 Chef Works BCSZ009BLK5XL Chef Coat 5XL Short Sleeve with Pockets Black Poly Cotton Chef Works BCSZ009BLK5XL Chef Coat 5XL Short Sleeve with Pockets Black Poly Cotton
...
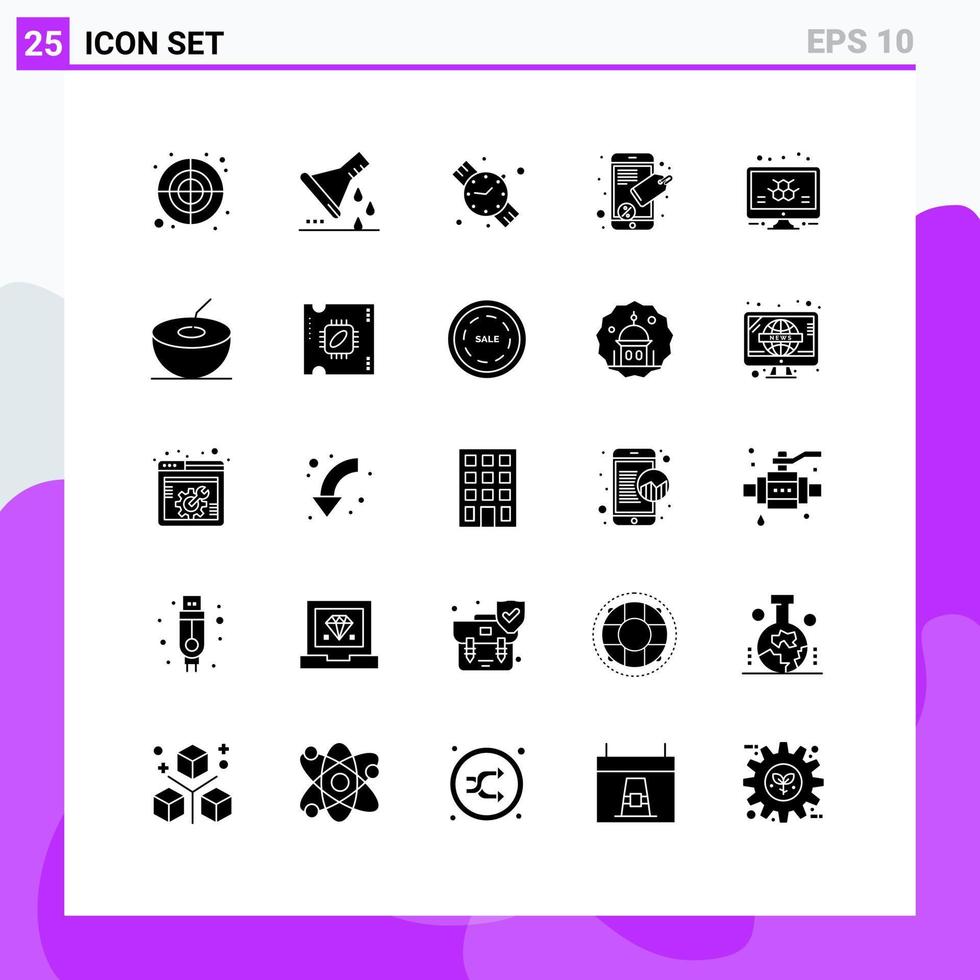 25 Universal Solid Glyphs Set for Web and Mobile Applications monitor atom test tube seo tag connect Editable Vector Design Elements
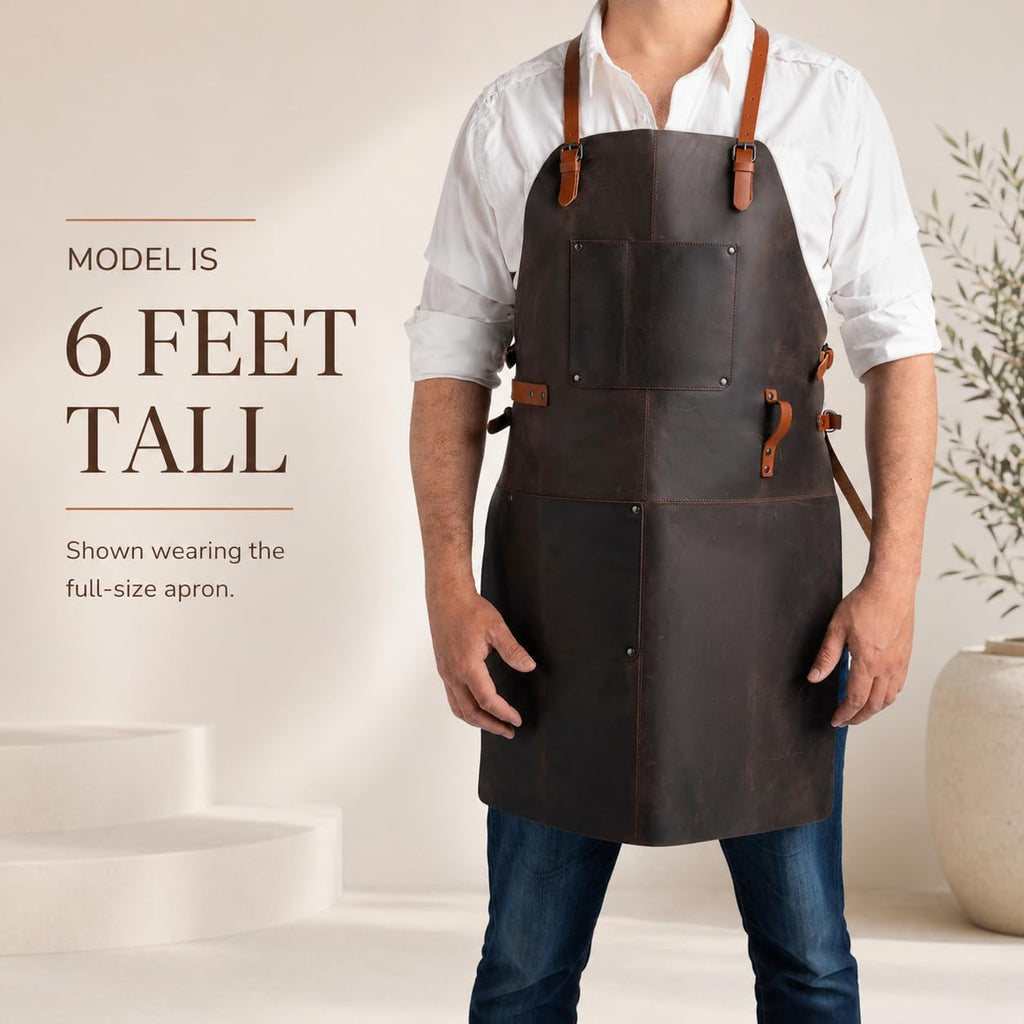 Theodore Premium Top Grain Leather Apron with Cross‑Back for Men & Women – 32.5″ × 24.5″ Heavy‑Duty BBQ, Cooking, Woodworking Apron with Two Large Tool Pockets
...
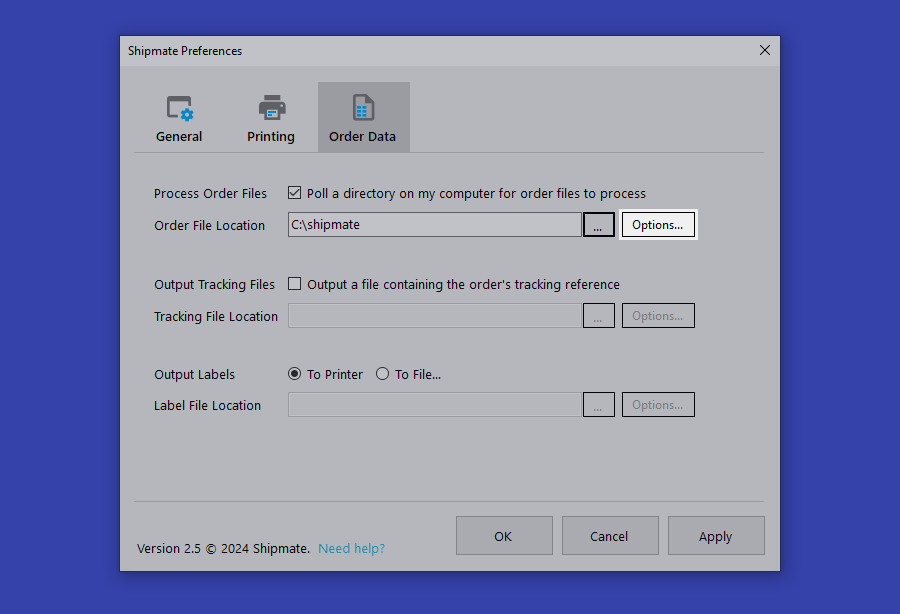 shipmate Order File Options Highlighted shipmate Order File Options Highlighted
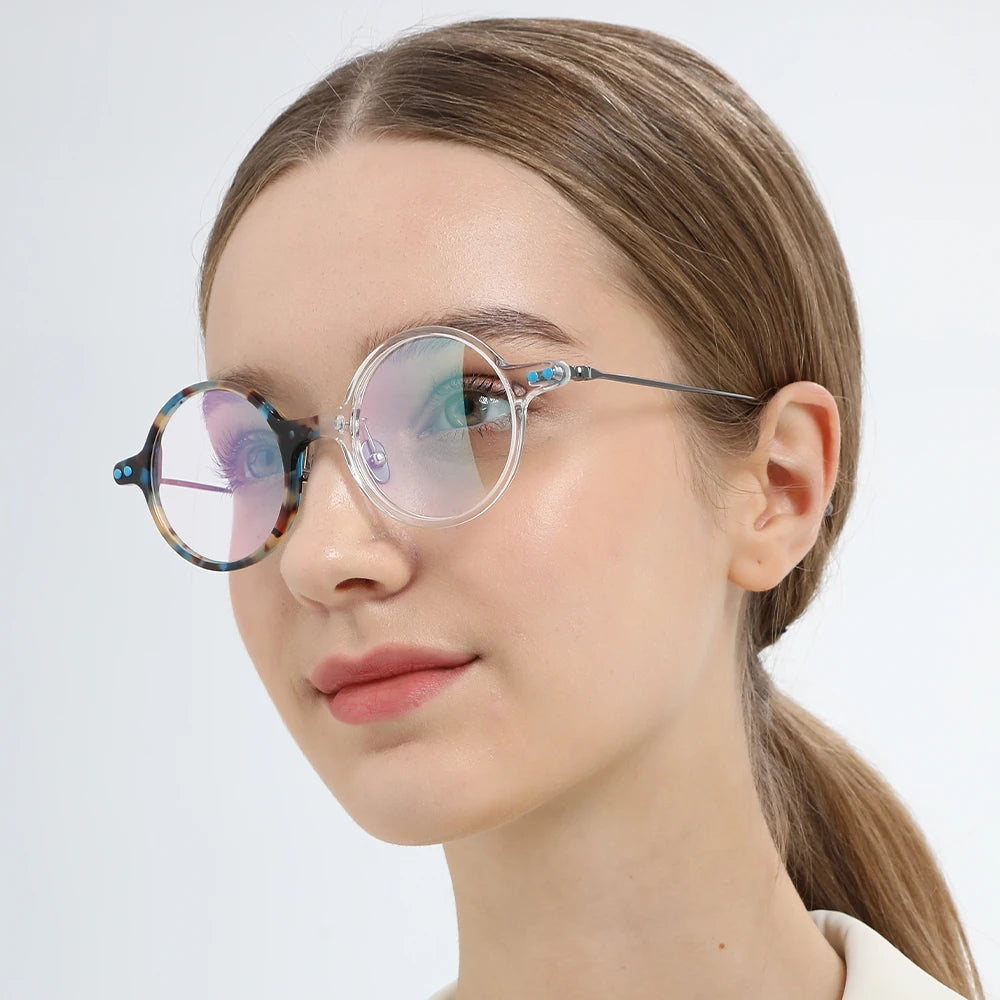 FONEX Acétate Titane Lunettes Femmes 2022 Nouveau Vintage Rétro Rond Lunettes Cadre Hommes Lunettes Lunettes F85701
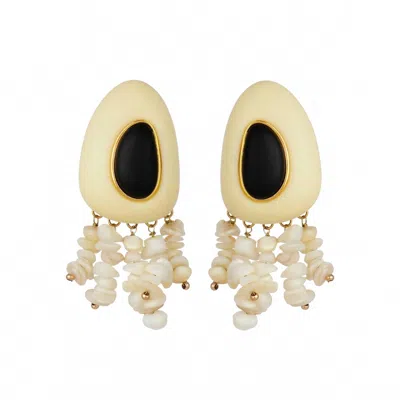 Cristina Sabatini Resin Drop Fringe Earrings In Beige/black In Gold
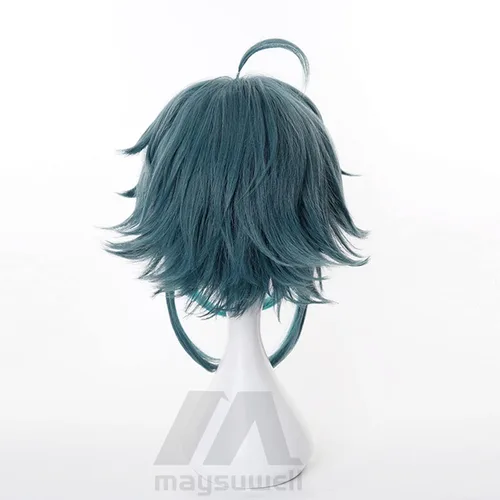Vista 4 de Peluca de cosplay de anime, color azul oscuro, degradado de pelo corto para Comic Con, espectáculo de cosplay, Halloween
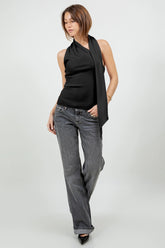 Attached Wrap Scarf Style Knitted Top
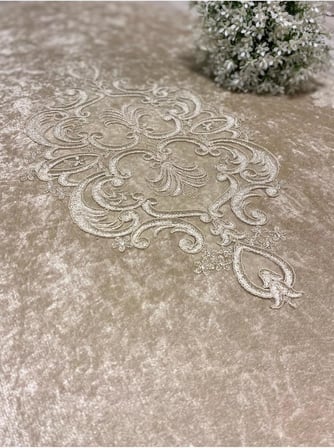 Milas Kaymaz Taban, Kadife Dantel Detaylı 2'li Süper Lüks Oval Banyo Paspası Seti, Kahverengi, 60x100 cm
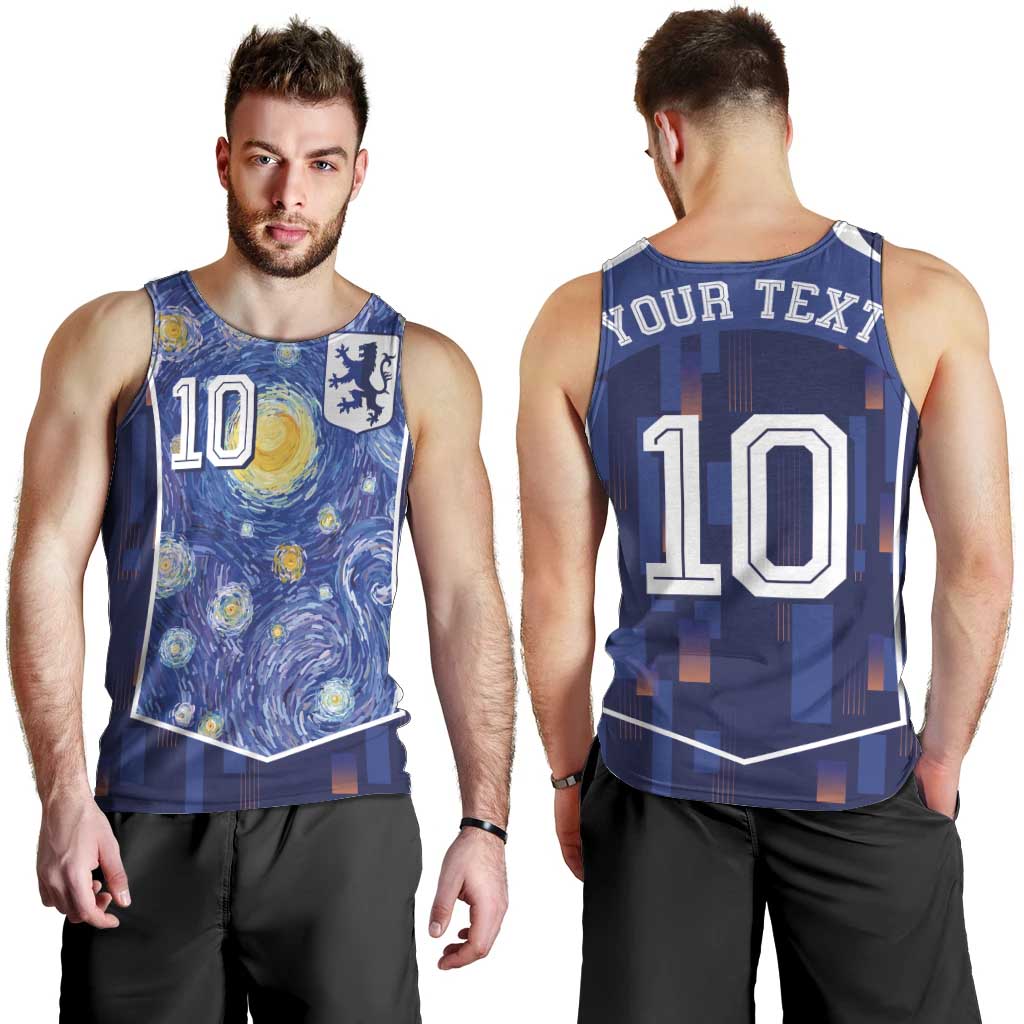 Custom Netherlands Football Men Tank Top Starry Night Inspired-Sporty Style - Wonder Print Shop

* WORK INSTRUCTION *
Write out word for word the lines of the listing above from the line with "shipmate Order File Options Highlighted shipmate" to the line with "Custom Netherlands Football", taking in both of those lines but no pictures.

* TASK RESULT *
 shipmate Order File Options Highlighted shipmate Order File Options Highlighted
 FONEX Acétate Titane Lunettes Femmes 2022 Nouveau Vintage Rétro Rond Lunettes Cadre Hommes Lunettes Lunettes F85701
 Cristina Sabatini Resin Drop Fringe Earrings In Beige/black In Gold
Vista 4 de Peluca de cosplay de anime, color azul oscuro, degradado de pelo corto para Comic Con, espectáculo de cosplay, Halloween
 Attached Wrap Scarf Style Knitted Top
 Milas Kaymaz Taban, Kadife Dantel Detaylı 2'li Süper Lüks Oval Banyo Paspası Seti, Kahverengi, 60x100 cm
 Custom Netherlands Football Men Tank Top Starry Night Inspired-Sporty Style - Wonder Print Shop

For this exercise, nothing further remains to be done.